Massimo "Max" Capobianchi
- Professor, Mechanical Engineering
Dr. Capobianchi joined the faculty in 1996 after receiving his Ph.D. in Mechanical Engineering from the State University of New York (SUNY) at Stony Brook, specializing in the thermal sciences. His total experience includes ten years in professional practice in industry and nearly thirty years as faculty in academia. He has published research works in the area of non-Newtonian fluid mechanics and heat transfer, measurement of transport properties, and thermal modeling and management of electronics.
Most of his tenure in industry was working as a mechanical design engineer in the military electronics field. During that time, he earned a New York State Professional Engineering license (August 1988), and completed a Master of Science degree in Mechanical Engineering from SUNY Stony Brook (May 1991). He returned the following September as a Ph.D. student in the Department of Mechanical Engineering. His thesis work, which was sponsored by the Department of Advanced Technology at Brookhaven National Laboratory, developed a technique to measure the Fickian diffusion coefficient in binary liquid solutions. Concurrently, in the final two years of his schooling, he worked as a visiting instructor in the Department of Automotive Engineering Technology at the SUNY College of Technology at Farmingdale.

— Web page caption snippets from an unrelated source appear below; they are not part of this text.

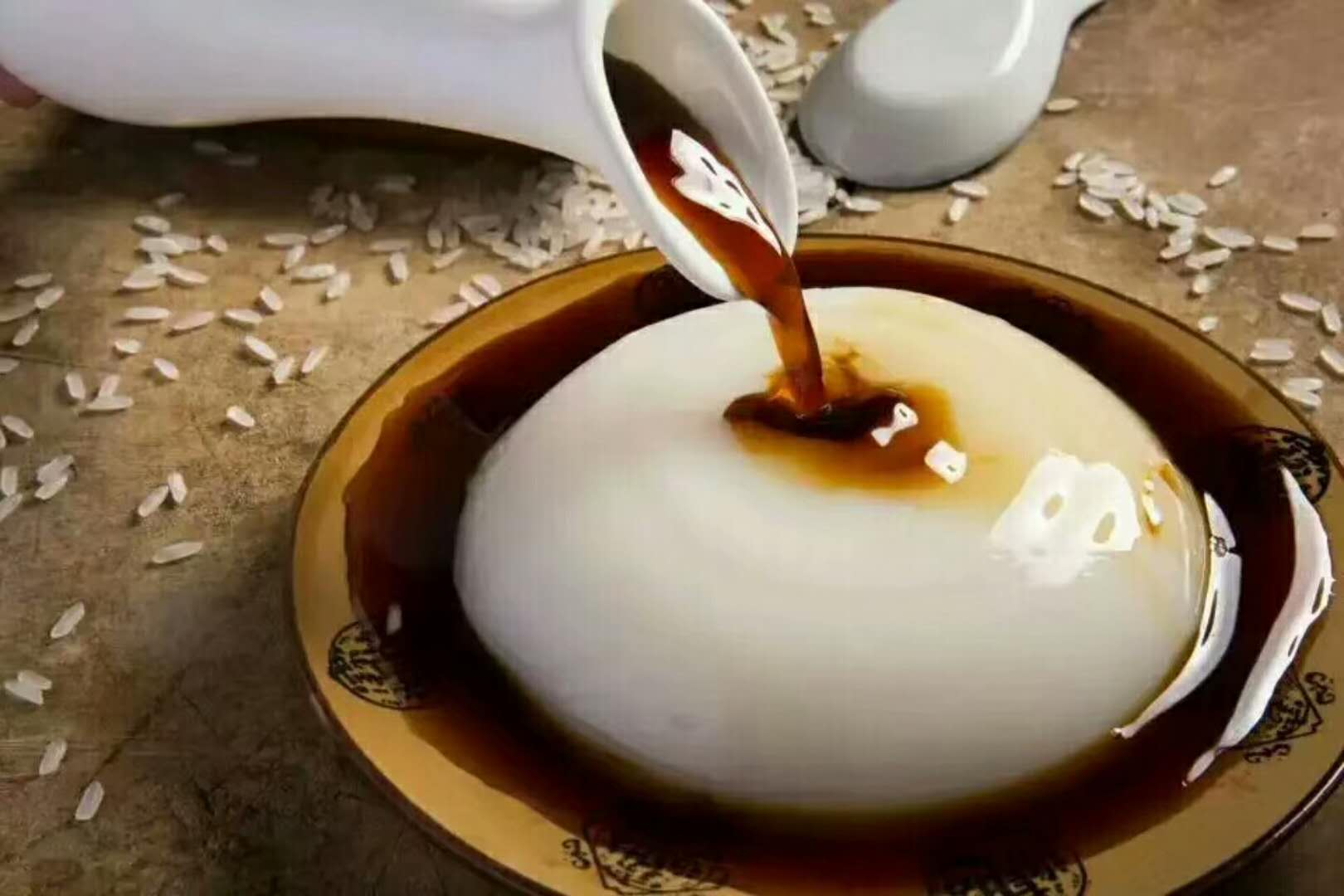 \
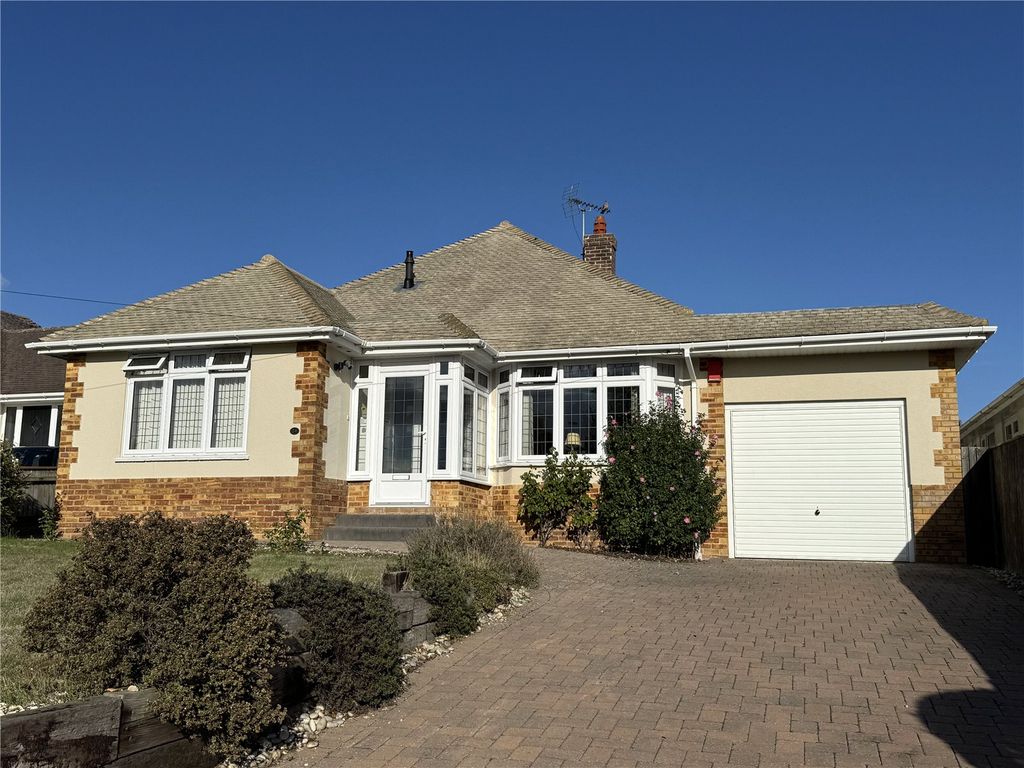 Property photo 1 of 14 Picture No. 17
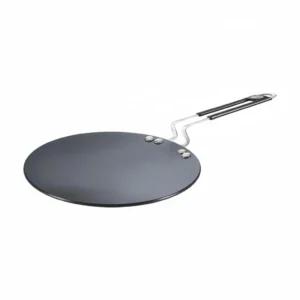 Prestige Paratha Tawa 26cm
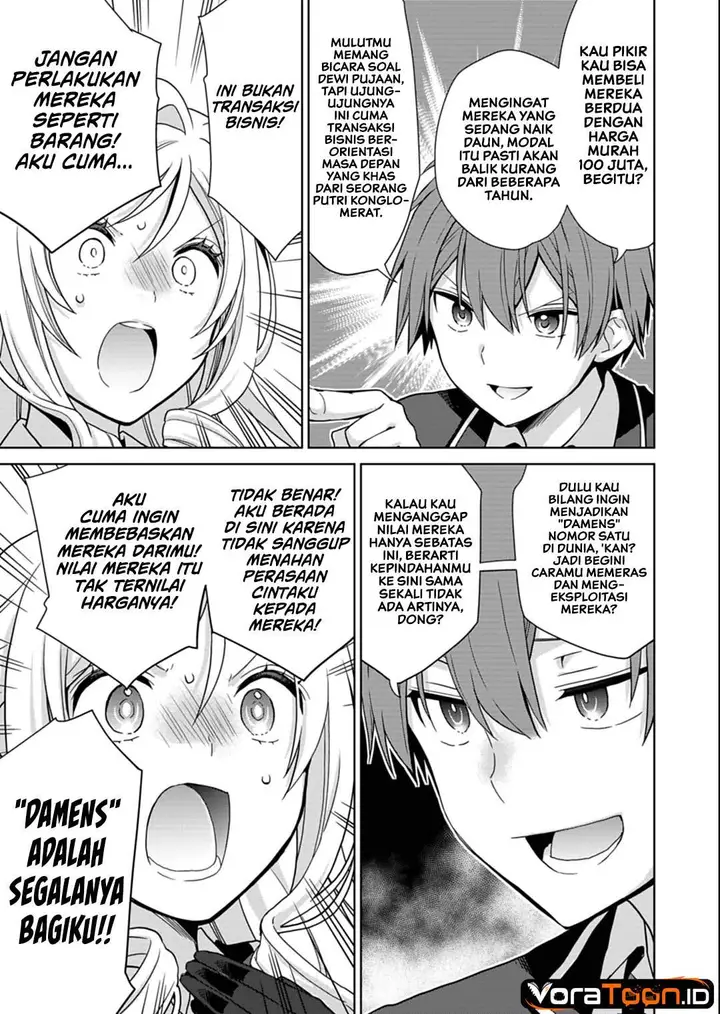 image-komik-osananajimitachi-ga-ninki-idol-ni-natta-amama-na-kanojotachi-wa-ore-ni-mitsuide-kureteiru-chapter-5-6/25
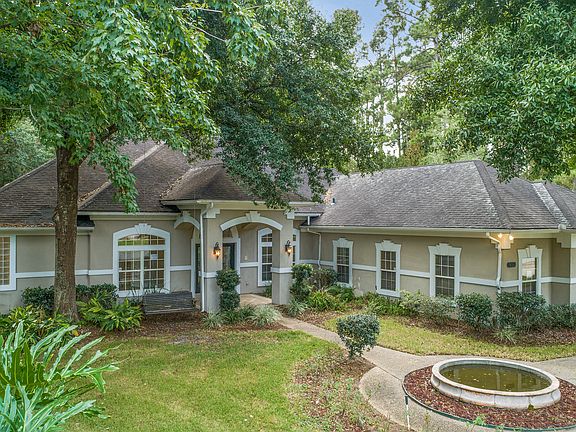 Call ListingAgent 9044770767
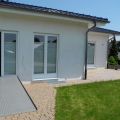DSCN8078.jpg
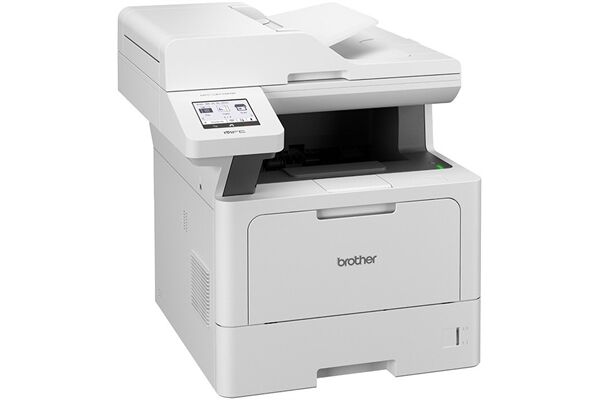 Brother MFC-L5710DW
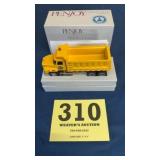 Penjoy collectible, promotional models department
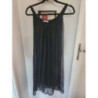 Robe mi-longue Mad Italie taille 38/40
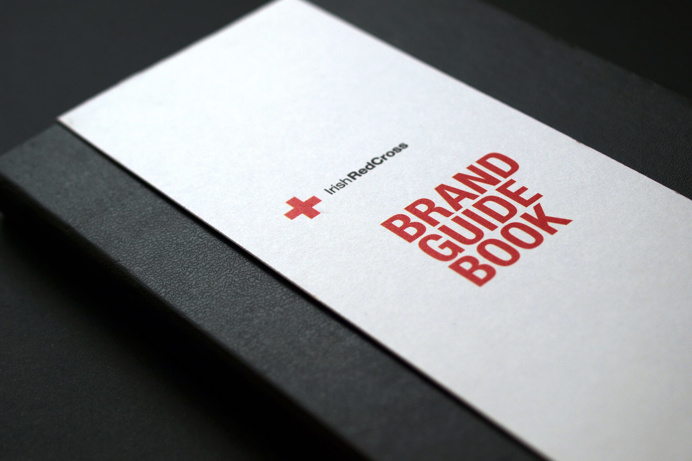 Red Cross Ci 01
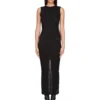 RICK OWENS – PRENDAS DE PUNTO RP02E4676MLK-09 RICK OWENS – PRENDAS DE PUNTO RP02E4676MLK-09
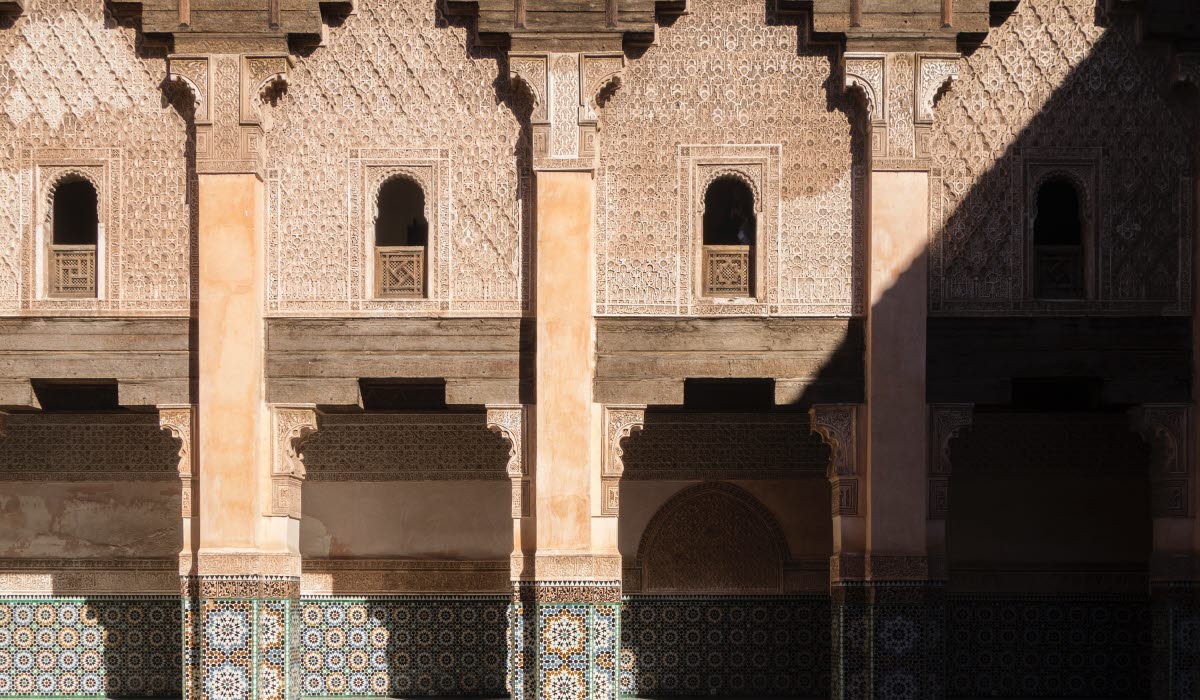 MOROCCO_adri-ramdeane-ULX7iUCEQvM-unsplash.jpg
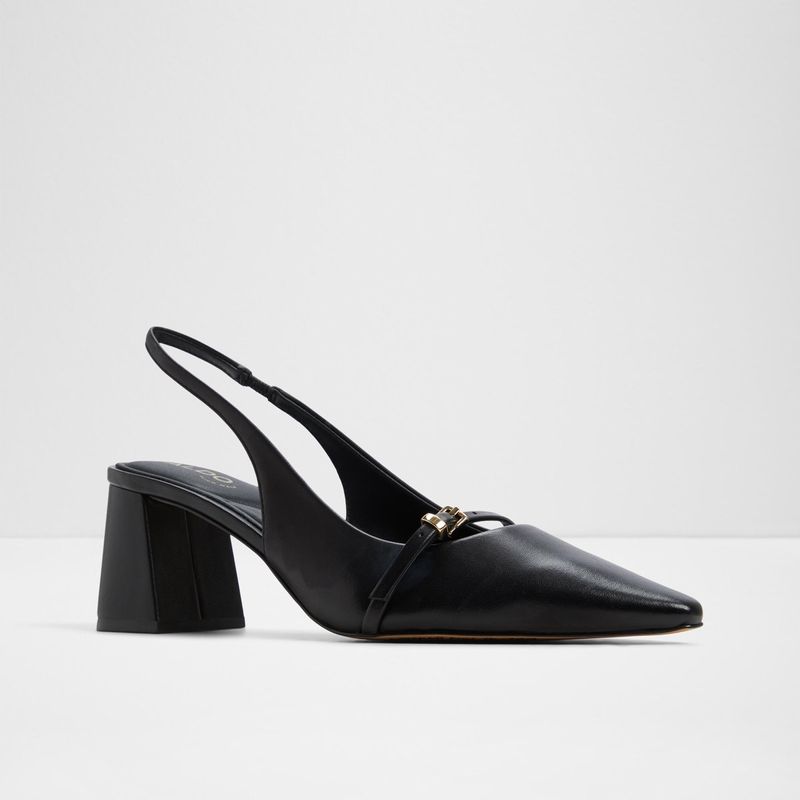 Skepper-black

A Ph.D. degree was awarded in May 1996, after which he accepted a faculty appointment in the Department of Mechanical Engineering at Gonzaga University. Over the years he served multiple terms as department chair and he is currently serving as the associate dean of the SEAS. His research interests include measurement of transport properties, and thermal modeling and management of electronics. The latter focused on the numerical simulation of the electrical behavior of integrated circuit devices in the presence of thermal interactions, and was sponsored by the National Science Foundation Center for the Design of Analog/Digital Integrated Circuits. His most current works over the last ten years have been in the area of non‐Newtonian fluid mechanics and heat transfer, where he numerically solved fundamental problems with purely viscous, shear thinning (i.e., pseudoplastic) and shear thickening (i.e., dilatant) fluids. He has published multiple papers in this area that include hydrodynamic and heat transfer solutions to internal forced convection and to external natural convection problems.